Our plans for a recent Saturday evening came together quickly. Flipping through a newspaper we (my wife Sandy and I) saw a review of a play titled Spine. The play sounded good. Its theater was in Philadelphia’s central section, easy for us to reach from our home in the burbs. OK, Spine it would be. Deciding to have pre-show dinner near the theater, we looked for an eatery where we’d never been before. We clicked here and there on OpenTable and settled on Franky Bradley’s, a place we knew little about. A handful of hours later we arrived at FB’s at the appointed time, 6:15 PM, and the night began.

Some Philadelphians will recall Franky Bradley’s when it was a steakhouse and celebrity hangout and its first name was spelled Frankie. That was decades ago. In its most recent incarnation the place was a gay bar. Last year a new owner turned the property into a restaurant/bar/dance club, resurrecting the name (save for the spelling change) but nothing much else from the original FB’s. Only one steak is on the menu and I doubt if Franky’s is a celebrity hang.

Inside Franky Bradley's.
Inside Franky Bradley’s.

It’s a two-story establishment. A  music room cum bar occupies floor number two. That’s where late night DJ and dancing action takes place. Sandy and I took up a little bit of space on the ground level. There, dark wood tables and booths fill up the square footage not occupied by a large bar, and the walls are covered with wood carvings, a potpourri of signs and with moody, sensual oil paintings. We sat at a peripheral table. It gave us a good view of much of the room. The lights were low, the noise level high, the waitstaff young and friendly. Recorded music from the 1970s (David Bowie, disco tunes) swirled through the air. The place was mobbed, mostly with an under-40 crowd. Tucked away on narrow way-off-the-beaten-path Chancellor Street (1320 is the address), Franky Bradley’s seemed to be a hit, a destination. From my perspective here’s the deal: Sandy and I loved our meal there. And the vibes were a gas, you dig?

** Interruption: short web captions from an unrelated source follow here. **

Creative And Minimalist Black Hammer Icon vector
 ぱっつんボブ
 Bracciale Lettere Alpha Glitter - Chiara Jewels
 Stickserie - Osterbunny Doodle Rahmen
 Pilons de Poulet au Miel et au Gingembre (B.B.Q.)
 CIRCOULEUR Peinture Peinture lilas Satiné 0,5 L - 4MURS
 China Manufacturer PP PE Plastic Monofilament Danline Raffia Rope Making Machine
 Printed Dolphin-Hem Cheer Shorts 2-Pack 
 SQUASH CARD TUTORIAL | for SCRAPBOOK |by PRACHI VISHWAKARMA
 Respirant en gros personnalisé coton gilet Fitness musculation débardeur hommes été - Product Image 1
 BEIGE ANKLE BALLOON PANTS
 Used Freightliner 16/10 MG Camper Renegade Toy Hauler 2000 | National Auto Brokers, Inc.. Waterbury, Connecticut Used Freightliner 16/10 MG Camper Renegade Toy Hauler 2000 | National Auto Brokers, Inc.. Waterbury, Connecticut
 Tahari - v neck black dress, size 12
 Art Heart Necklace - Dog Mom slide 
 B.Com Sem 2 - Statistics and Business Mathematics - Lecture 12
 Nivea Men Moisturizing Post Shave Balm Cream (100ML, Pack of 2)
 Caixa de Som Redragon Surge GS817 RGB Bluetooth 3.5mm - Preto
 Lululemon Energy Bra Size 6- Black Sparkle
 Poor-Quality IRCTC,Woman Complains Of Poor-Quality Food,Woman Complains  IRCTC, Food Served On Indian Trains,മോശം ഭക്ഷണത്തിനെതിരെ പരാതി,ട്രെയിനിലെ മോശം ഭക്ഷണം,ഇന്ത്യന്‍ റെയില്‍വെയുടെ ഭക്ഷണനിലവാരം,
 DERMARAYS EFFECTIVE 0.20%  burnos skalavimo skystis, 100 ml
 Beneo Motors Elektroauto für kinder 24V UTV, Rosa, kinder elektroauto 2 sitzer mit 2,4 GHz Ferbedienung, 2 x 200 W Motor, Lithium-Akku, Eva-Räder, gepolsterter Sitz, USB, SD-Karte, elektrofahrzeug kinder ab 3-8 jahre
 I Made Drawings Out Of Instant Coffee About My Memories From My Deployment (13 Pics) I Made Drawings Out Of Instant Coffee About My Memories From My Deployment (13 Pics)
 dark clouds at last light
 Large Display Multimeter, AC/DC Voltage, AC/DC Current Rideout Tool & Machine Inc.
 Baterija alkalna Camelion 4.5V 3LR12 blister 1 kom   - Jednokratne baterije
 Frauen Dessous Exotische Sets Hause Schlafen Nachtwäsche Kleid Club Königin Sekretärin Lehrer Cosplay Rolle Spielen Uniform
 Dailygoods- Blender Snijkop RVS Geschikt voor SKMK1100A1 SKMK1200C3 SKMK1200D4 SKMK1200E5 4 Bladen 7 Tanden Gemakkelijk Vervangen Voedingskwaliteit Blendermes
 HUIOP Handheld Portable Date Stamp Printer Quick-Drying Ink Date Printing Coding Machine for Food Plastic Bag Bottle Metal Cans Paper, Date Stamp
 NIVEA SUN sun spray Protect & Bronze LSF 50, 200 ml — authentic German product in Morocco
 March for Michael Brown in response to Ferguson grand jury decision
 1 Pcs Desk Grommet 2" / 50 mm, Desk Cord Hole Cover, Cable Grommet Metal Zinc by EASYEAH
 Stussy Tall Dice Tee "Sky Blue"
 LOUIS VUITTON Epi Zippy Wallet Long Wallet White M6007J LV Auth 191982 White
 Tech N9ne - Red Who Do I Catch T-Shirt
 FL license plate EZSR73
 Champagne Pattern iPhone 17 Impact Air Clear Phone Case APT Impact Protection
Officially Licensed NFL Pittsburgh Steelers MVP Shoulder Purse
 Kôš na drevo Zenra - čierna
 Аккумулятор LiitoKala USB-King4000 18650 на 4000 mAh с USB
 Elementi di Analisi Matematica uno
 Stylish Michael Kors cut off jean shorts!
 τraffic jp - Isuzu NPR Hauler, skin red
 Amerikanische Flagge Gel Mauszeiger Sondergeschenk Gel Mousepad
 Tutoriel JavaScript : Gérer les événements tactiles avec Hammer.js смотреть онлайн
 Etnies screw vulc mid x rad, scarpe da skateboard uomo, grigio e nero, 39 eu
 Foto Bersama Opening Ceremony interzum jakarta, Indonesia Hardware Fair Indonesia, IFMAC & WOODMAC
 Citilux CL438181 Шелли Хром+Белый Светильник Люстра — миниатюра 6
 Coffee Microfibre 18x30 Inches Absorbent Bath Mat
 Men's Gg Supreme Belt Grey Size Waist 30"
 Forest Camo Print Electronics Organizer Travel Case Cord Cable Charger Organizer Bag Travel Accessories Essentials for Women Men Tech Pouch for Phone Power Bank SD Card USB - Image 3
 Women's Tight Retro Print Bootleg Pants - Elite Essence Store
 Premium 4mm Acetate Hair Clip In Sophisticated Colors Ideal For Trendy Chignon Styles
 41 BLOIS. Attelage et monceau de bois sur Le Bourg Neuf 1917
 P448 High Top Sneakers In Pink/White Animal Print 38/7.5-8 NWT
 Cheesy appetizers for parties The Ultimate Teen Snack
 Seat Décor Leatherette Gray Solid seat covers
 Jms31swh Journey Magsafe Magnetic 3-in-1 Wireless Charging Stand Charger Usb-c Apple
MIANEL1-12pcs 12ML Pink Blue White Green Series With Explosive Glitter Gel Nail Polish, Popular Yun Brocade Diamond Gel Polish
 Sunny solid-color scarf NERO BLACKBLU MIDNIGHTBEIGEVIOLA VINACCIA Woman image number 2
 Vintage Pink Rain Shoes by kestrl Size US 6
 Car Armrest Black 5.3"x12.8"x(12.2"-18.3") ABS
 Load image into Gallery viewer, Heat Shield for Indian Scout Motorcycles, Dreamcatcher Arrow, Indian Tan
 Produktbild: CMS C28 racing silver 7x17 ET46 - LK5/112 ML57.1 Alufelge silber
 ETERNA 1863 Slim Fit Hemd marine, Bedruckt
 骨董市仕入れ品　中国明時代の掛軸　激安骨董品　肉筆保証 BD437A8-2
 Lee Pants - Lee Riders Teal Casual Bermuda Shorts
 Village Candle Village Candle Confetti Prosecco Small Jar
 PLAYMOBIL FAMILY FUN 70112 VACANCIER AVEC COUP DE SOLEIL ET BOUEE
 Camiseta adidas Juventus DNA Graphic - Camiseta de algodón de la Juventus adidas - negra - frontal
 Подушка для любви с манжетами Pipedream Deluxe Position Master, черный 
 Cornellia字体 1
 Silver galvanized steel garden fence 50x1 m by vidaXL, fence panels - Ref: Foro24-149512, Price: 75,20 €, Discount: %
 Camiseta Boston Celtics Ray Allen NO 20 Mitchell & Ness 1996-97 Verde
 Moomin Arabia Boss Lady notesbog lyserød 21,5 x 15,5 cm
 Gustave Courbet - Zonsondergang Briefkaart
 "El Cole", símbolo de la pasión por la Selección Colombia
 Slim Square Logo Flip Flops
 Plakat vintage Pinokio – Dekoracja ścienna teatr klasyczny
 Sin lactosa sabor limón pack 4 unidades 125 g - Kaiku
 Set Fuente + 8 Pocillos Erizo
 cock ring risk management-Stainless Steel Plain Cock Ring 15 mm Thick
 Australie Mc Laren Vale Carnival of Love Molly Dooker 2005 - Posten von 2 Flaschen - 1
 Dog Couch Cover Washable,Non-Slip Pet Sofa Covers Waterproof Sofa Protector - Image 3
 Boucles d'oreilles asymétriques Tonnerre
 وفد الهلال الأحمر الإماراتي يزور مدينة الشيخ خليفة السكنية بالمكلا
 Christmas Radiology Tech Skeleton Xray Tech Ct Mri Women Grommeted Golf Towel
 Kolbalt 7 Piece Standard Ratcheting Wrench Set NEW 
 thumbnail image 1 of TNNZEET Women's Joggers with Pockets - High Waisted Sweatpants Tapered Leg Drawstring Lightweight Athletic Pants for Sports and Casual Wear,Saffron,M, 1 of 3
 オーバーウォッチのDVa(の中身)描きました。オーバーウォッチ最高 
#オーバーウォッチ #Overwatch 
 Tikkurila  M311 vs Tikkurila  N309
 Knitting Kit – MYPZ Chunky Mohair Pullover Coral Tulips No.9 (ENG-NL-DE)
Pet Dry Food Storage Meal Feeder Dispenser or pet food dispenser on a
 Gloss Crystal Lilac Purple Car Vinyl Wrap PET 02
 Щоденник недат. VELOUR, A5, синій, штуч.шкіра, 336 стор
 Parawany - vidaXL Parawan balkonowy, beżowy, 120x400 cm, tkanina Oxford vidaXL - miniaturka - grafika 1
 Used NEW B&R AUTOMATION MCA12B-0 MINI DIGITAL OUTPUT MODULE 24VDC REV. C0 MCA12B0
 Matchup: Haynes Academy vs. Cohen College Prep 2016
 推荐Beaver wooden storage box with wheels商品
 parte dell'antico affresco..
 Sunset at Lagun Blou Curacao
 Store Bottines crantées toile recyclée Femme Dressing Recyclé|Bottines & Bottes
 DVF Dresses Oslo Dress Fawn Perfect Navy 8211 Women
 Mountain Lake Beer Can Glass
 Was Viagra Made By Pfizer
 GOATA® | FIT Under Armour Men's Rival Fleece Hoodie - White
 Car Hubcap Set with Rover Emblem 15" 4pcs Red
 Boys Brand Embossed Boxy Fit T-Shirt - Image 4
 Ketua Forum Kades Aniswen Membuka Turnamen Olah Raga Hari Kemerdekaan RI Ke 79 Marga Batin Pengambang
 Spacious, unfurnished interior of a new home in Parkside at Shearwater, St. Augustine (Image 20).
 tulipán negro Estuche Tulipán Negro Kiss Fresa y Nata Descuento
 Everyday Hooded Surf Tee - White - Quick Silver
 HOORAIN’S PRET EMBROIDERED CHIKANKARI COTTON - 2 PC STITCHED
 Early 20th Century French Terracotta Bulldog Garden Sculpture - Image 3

Bradley’s keeps the number of beverage and food selections on the modest side, which seems like a good idea to me. Man, this world is cluttered enough as it is. You could do a lot worse than ordering what we had. Liquid-wise, a toasty beer for me, Ellie’s Brown Ale from the Avery Brewing Company. And, for Sandy, a semi-dry and citrusy Spanish white wine that rocked, an Albarino (2013) from Ramon Bilbao vineyards.

Bottom plate: Arctic char with warm lentil salad and orange slices. Top plate: Ditto.
Bottom plate: Arctic char with warm lentil salad and orange slices. Top plate: Ditto.

We shared a house salad built from powerful purple onions, three or four types of greens and a Banyuls vinaigrette dressing. “Banyuls?” you ask? Right, I hadn’t a clue either. But it was damn tasty. A minute ago I peered at a foodie’s website and learned that Banyuls vinegar is made from fancy grapes. I shoulda known. For entrées we each ordered pan-seared Arctic char, a thin fish that came out moist, just-right salty and just-right charred. The fish shared plate space with warm lentil salad and orange slices. I’m a sucker for a good lentil salad. In this case, cubed beets and diced carrots and peppers said hello to one another and to the lentils just the way I was hoping they would. Wouldn’t have minded staying at Franky Bradley’s for a couple more hours, testing the desserts, knocking back another Ellie’s or two. But Spine awaited.

A few moments before Spine began.
Ten minutes before Spine began.

Spine (running through March 6) is a 70 minute monologue first performed in 2014 in Scotland at the Edinburgh Fringe Festival. Its British author, Clara Brennan, probably is a rising star. Philadelphia’s Inis Nua Theatre Company has staged Spine’s first American production in the smaller (about 75 seats) of two new theaters created within the Drake apartment building (1512 Spruce Street) earlier this year. There’s no intermission, so visiting the loo pre-show ain’t a bad idea.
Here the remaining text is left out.